I looked it up, of course. I don’t mean to be disrespectful with the “what now” reaction, but there is a rather large range of ways of being human, and more and more words all the time to slice the human experience into its component wafers, and it can be a little overwhelming for those of us who still routinely leave one ingredient out of a five-ingredient pie.

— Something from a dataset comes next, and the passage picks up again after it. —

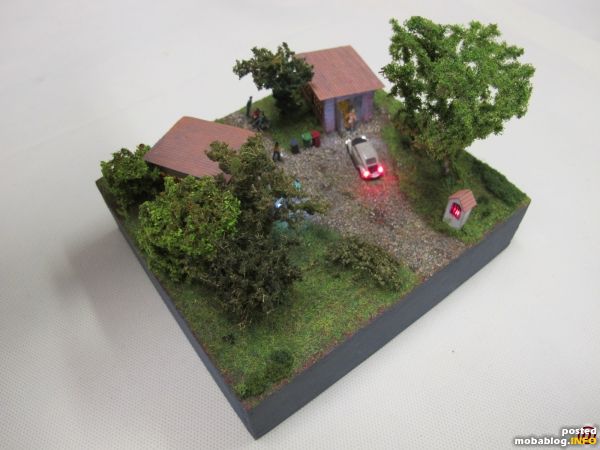 Ein Blick auf ein Minidiorama mit LED-Beleuchtung, welches heute auch im Clubraum ausgestellt war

“Cisgendered,” a new coinage, refers to the state of feeling pretty much like the sex everybody always thought you were. In other words, “reg’lar.” And at first it would seem one didn’t really need a term like that, but, of course, the point is to drive home awareness of the existence of other ways of being. Which (the awareness) is a good thing. “I’m cisgendered, and you’re transgendered” is thus a replacement for the more common thought “I’m a man, and you’re just weird.” It’s a little like if we started calling ourselves “colored” so as to become more mindful that some people are albinos.

I probably got an introduction to the concept of transsexuality earlier than most in my generation. Nobody used to talk about it as much as we do now, but I learned I had a transsexual aunt when I was sixteen. I never had trouble accepting that there were people who did not feel any allegiance to the sex they were told they were, because clearly that was the case, but I didn’t quite understand it, either. And not because I felt so strongly that I was a girl, but because I didn’t.

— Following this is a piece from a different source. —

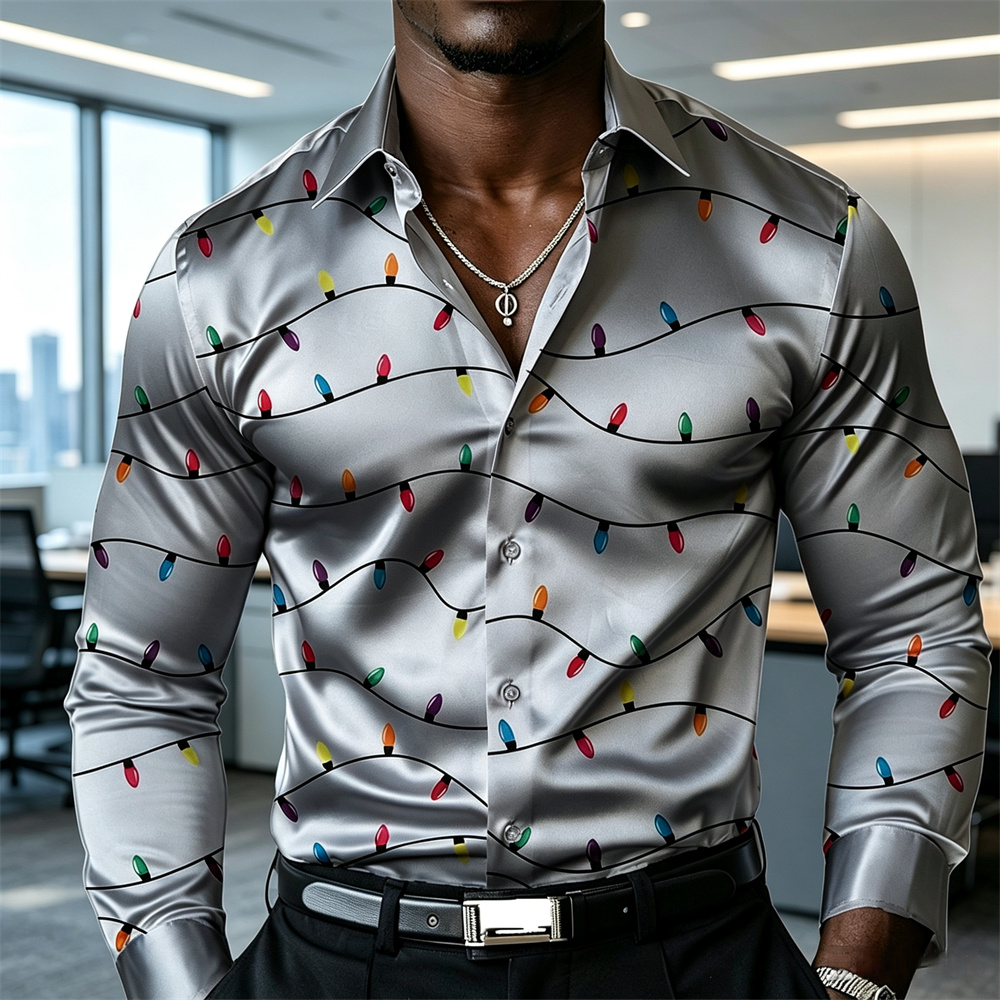 Mens Satin Silk Dress Shirt - Camisa de hombre estilo farolillo para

I kind of don’t care, either way.

I certainly never felt like a boy. But I also had no interest in the sort of things girls were expected to do, or be. Pink horrified me. I was not a tomboy, or at least not a good one. Couldn’t throw a ball. Couldn’t get too far up a tree. I did like catching frogs, but I’d never have tried to frighten anyone with one (out of consideration for the frog). I had a huge collection of stuffed animals and every single one of them was a boy, except for one that was handed down–a bear with a rubber face and eyelashes painted on–“Mrs. Teddybear.” Mrs. Teddybear was the least interesting animal I had. I loved my own mommy but the prospects for females seemed dull.

When I tried to imagine what it felt like to be a girl, whether “in a boy’s body” or not, I couldn’t come up with much. Even now, if I were to prioritize a list of adjectives that described me, my sex would come pretty far down the list, and I’d put it in just to help you recognize me at the airport.

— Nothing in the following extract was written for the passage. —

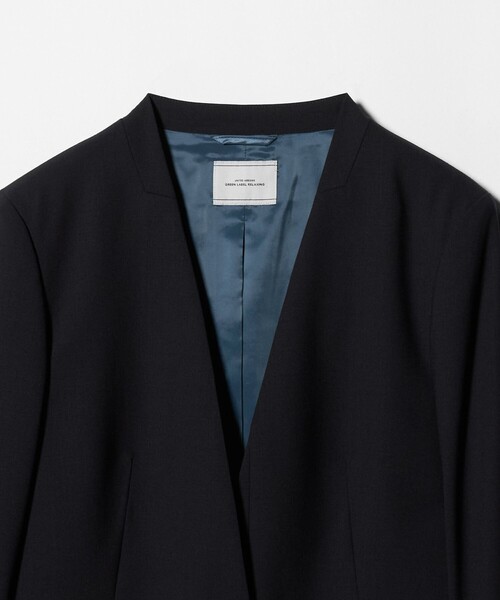 GREEN LABEL RELAXING ノーカラージャケット 38 ネイビー green label relaxing ジャケット ノーカラージャケット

Maybe my confusion is because I’m so very cisgendered, but I don’t know. I tend to see my life as an adventure with a frame of mortality around it, full of opportunities to create and to revel in Creation, and the suit I get to wear for the ride feels irrelevant.

There’s a flap now over Bruce Jenner’s transformation to Caitlyn and in particular his introduction in a high-glamor shot. (I did find myself thinking: what 65-year-old woman is named “Caitlyn?” What’s wrong with “Debby?”) I used to be put off by done-up women, myself. Forty years ago a friend put it this way: “I don’t like female impersonators, and I don’t care what sex they are.” I thought that was cute, but it’s not really true. I think male female impersonators are a lot of fun.

So it’s fine for Caitlyn, and all the rest of the hair-dying, skin-slathering, Spanx-wearing, made-up women in high heels out there. I just don’t really get it.

I would, just once, like to be able to put on a nice blouse and skirt and have the right shoes for the outfit, all at the same time. Just once.